Fireworks: Recognizing Regulations for Public Health and Safety this New Year
Jennifer Clarke – for The Record
As the New Year approaches, flags begin to fly and lights begin to blare at the local firework stands. And for many people, even in the Orange and Bridge City communities, fireworks are a staple celebrating the coming of the New Year. The bright colors, the loud pops and booms, and the swirl of flames is a stimulating and exciting experience, perhaps matching the anticipation of opportunities ahead.

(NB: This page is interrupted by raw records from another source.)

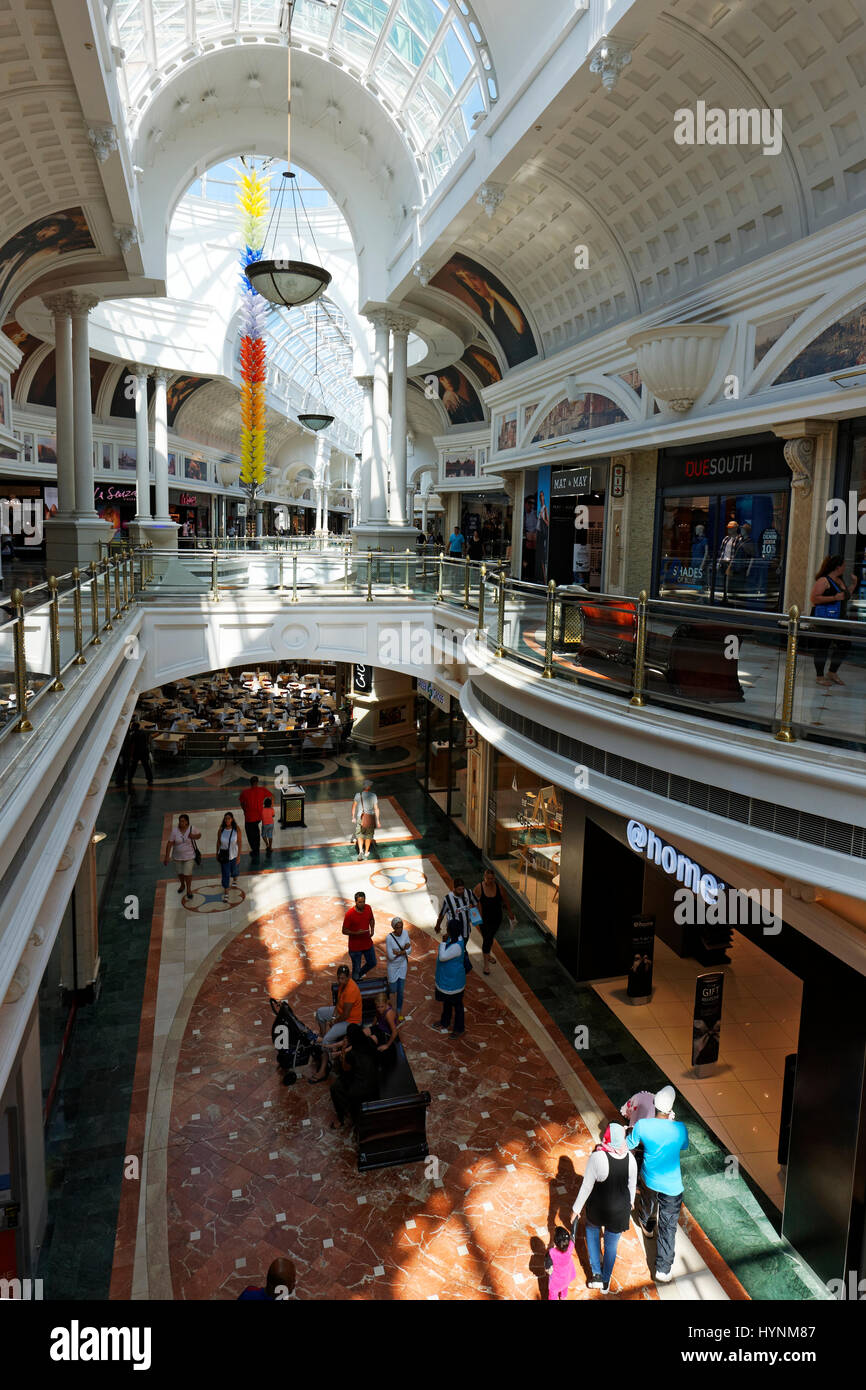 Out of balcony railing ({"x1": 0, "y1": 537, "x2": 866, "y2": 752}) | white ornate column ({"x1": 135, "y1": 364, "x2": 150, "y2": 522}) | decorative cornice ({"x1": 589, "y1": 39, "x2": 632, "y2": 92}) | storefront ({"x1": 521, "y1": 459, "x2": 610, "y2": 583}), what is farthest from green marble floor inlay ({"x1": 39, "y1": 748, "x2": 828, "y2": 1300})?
white ornate column ({"x1": 135, "y1": 364, "x2": 150, "y2": 522})

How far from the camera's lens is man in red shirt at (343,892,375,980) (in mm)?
10844

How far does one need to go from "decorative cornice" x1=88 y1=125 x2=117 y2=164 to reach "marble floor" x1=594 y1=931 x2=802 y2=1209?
11643 millimetres

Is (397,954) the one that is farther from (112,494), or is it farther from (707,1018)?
(112,494)

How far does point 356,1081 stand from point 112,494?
1157 inches

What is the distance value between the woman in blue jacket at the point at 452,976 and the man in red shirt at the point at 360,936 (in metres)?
1.33

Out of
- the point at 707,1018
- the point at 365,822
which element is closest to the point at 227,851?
the point at 365,822

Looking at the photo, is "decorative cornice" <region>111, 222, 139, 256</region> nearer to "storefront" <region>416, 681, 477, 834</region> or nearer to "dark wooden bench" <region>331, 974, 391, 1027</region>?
"storefront" <region>416, 681, 477, 834</region>

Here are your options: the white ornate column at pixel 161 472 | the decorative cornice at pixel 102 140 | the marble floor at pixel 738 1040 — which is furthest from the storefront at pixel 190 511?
the marble floor at pixel 738 1040

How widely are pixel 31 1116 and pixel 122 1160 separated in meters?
1.38

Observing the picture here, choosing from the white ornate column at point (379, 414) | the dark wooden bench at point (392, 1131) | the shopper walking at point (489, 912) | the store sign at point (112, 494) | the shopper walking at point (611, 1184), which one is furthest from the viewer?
the store sign at point (112, 494)

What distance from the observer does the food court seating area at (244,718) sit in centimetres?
2234

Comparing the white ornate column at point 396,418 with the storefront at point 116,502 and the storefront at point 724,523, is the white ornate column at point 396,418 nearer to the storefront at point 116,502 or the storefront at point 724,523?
the storefront at point 724,523

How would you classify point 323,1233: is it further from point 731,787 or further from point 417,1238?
point 731,787

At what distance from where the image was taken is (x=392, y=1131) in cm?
768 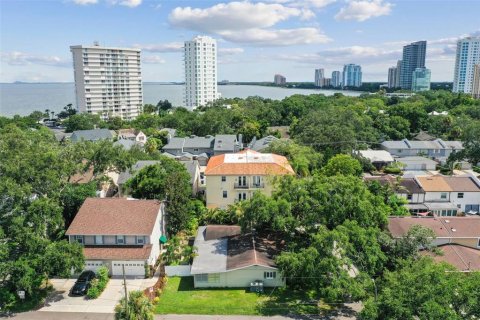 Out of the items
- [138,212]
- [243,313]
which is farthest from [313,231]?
[138,212]

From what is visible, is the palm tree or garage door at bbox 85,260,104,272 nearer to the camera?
the palm tree

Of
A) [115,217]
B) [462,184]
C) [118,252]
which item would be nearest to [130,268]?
[118,252]

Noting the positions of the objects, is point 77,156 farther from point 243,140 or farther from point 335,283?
point 243,140

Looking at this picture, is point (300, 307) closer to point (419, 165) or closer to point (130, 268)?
point (130, 268)

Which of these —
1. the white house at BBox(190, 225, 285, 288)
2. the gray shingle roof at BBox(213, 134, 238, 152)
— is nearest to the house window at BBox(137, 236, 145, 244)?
the white house at BBox(190, 225, 285, 288)

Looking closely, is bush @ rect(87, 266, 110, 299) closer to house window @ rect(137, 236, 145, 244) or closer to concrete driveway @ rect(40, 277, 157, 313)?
concrete driveway @ rect(40, 277, 157, 313)

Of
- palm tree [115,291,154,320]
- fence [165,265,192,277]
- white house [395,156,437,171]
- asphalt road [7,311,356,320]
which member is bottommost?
asphalt road [7,311,356,320] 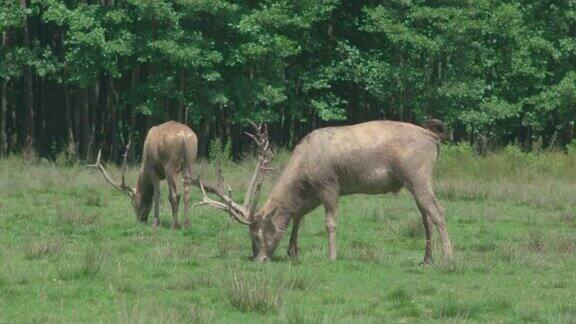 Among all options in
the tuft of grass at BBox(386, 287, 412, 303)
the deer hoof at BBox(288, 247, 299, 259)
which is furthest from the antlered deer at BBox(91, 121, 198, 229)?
the tuft of grass at BBox(386, 287, 412, 303)

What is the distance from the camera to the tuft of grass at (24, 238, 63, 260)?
15.0 m

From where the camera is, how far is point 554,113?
1683 inches

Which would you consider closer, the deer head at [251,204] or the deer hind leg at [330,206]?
the deer head at [251,204]

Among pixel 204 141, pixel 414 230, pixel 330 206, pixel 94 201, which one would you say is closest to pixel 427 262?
pixel 330 206

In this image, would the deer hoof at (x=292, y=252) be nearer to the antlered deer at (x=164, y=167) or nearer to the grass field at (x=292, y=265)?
the grass field at (x=292, y=265)

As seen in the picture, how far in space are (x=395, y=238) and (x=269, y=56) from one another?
19.7m

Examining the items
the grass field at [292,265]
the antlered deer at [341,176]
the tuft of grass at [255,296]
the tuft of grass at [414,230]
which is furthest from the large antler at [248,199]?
A: the tuft of grass at [255,296]

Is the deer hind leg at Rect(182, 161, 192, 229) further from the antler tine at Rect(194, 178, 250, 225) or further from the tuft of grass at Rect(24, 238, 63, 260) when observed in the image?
the tuft of grass at Rect(24, 238, 63, 260)

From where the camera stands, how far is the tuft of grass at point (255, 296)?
445 inches

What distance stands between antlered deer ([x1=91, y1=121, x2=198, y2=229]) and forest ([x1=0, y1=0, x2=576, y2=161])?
14.4 metres

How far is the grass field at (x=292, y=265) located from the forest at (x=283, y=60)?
37.9ft

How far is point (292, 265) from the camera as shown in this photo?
1489cm

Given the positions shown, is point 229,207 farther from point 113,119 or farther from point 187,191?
point 113,119

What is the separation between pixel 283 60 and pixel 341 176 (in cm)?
2332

But fireworks are heavily regulated, and for good reason. According to the National Fire Protection Association (“NFPA”), “the risk of fire death relative to hours of usage is higher for fireworks than for cigarettes.” And while such a claim may seem unbelievable, when accounting for the “estimated 17,800 reported fires . . . started by fireworks,” which caused significant damage including “an estimated 40 civilian injuries and $32 million in direct property damage,” just in 2011, alone, the importance of public safety becomes paramount. Over the course of four years, NFPA documented an “average of 19,700 fires associated with fireworks per year. . . The largest numbers of these outdoor fires associated with fireworks involved grass fires (6,800 per year), brush fires (4,500), dumpster fires (1,700), unclassified or unknown-type natural or vegetation fires (1,300) and other outside trash, rubbish, or waste fires (1,200).” (http://www.nfpa.org)
The fires resulted in the deaths of an average of four people a year, “while data from death certificates show that five people per year were killed directly by fireworks” (NFPA). The amount of property damage and physical injury necessitates many cities and municipalities enforce safety restrictions to protect the public.
Anyone participating in an event that will involve fireworks or high levels of noise are expected to request a permit. The City of Orange requires that anyone who intends to create a firework display request a permit ten days prior to the event, and there are criteria that must be met to receive approval. Under Article 5.400 § 2(a), it is unlawful for anyone to “possess, store, manufacture, display, purchase, acquire, sell, offer for sale, sell at retail, or use, discharge or explode any Fireworks.” Without approval from the Fire Marshall, fireworks are not allowed within the corporate boundaries of the City of Orange.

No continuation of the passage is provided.